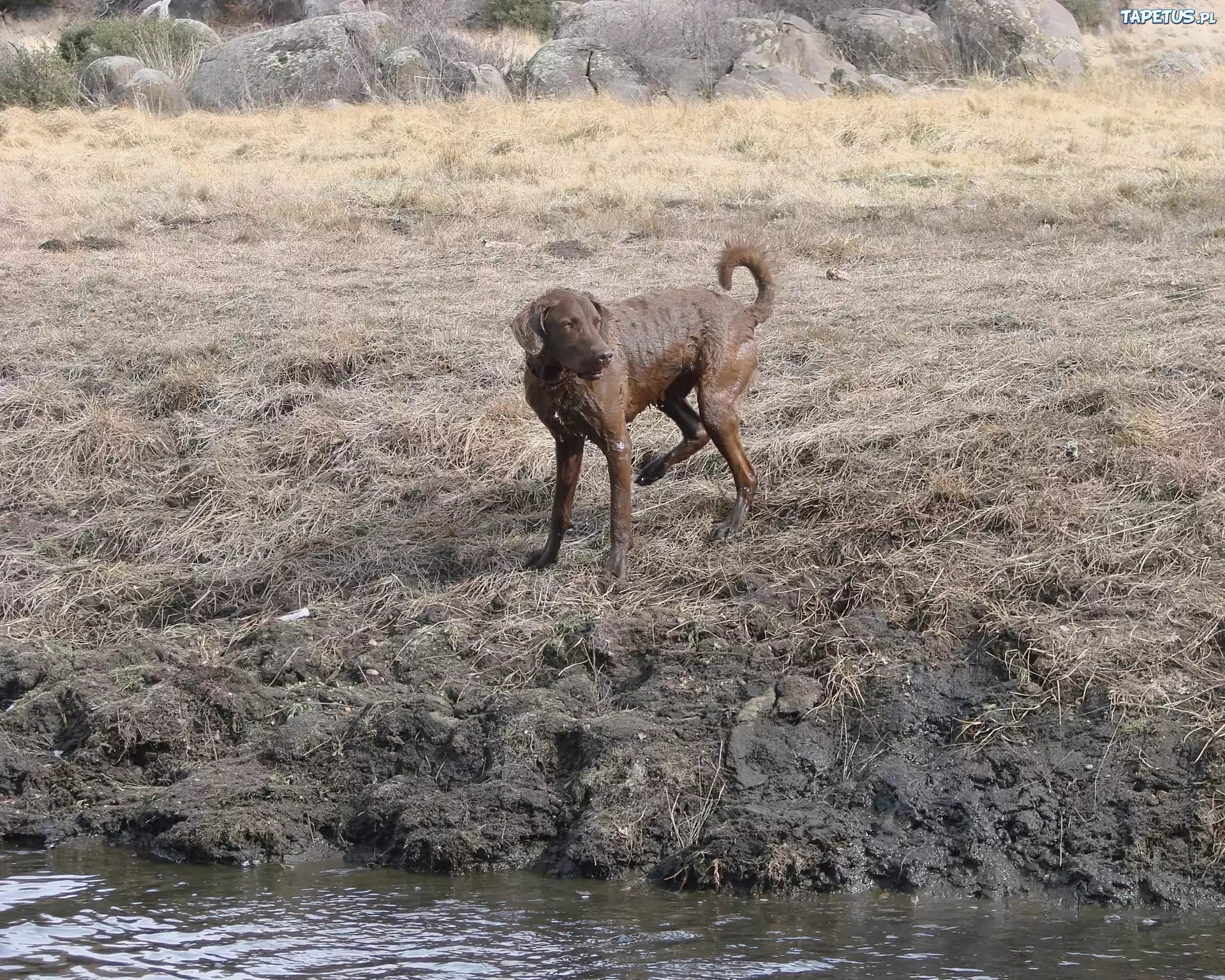 Mokry, Chesapeake Bay retriever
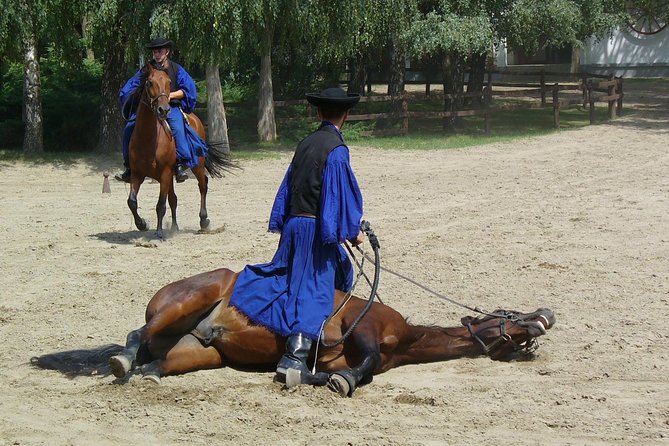Budapest Puszta Day Trip to Kecskemet Icluding Horse Show & Lunch - The Sum Up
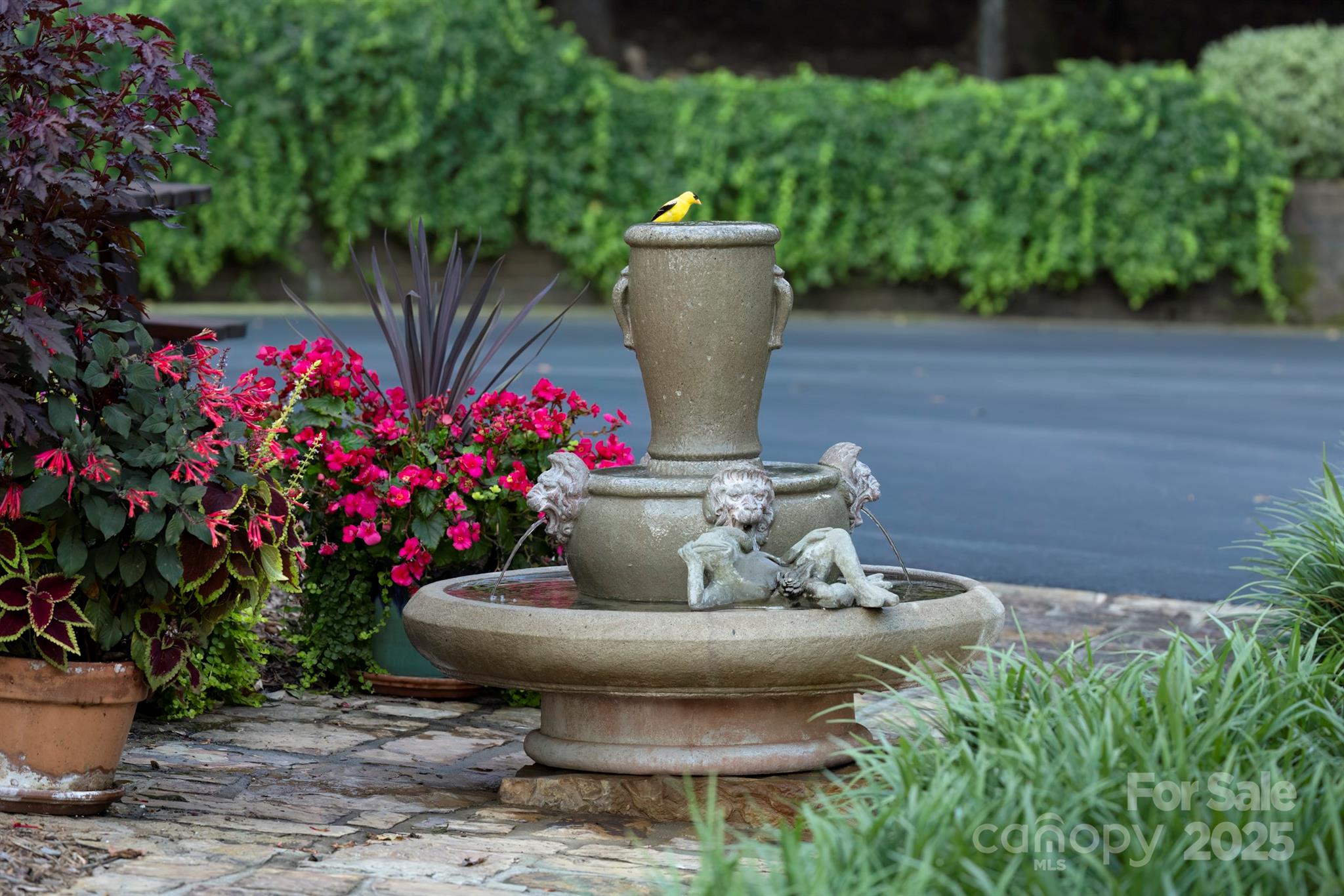 41362 Mountain View Church Road Albemarle, NC 28001 - Photo 12 of 48 Gallery Image 12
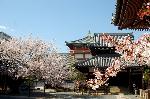 西陣の日蓮宗寺院の櫻　その1 : 多宝塔傍より開山堂・宝物館を望む
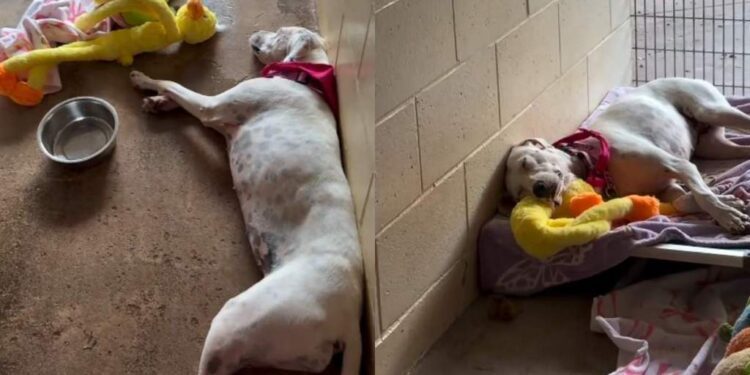 Human Leaves Deaf Shelter Puppy With a Toy in Her Kennel, Only To Find Her Cuddling It Later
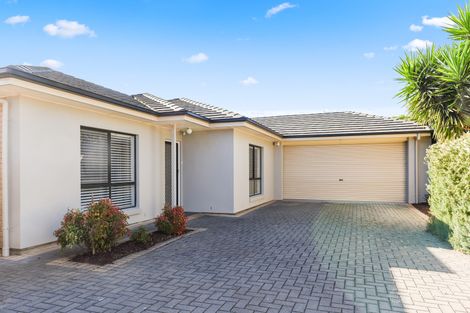 Property photo of 8A Carramar Avenue Edwardstown SA 5039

WHAT IS REQUIRED ->
Write the data out again exactly, but without its images.

ANSWER FOR THIS EXERCISE ->
 Mokry, Chesapeake Bay retriever
Budapest Puszta Day Trip to Kecskemet Icluding Horse Show & Lunch - The Sum Up
 41362 Mountain View Church Road Albemarle, NC 28001 - Photo 12 of 48 Gallery Image 12
 西陣の日蓮宗寺院の櫻　その1 : 多宝塔傍より開山堂・宝物館を望む
 Human Leaves Deaf Shelter Puppy With a Toy in Her Kennel, Only To Find Her Cuddling It Later
 Property photo of 8A Carramar Avenue Edwardstown SA 5039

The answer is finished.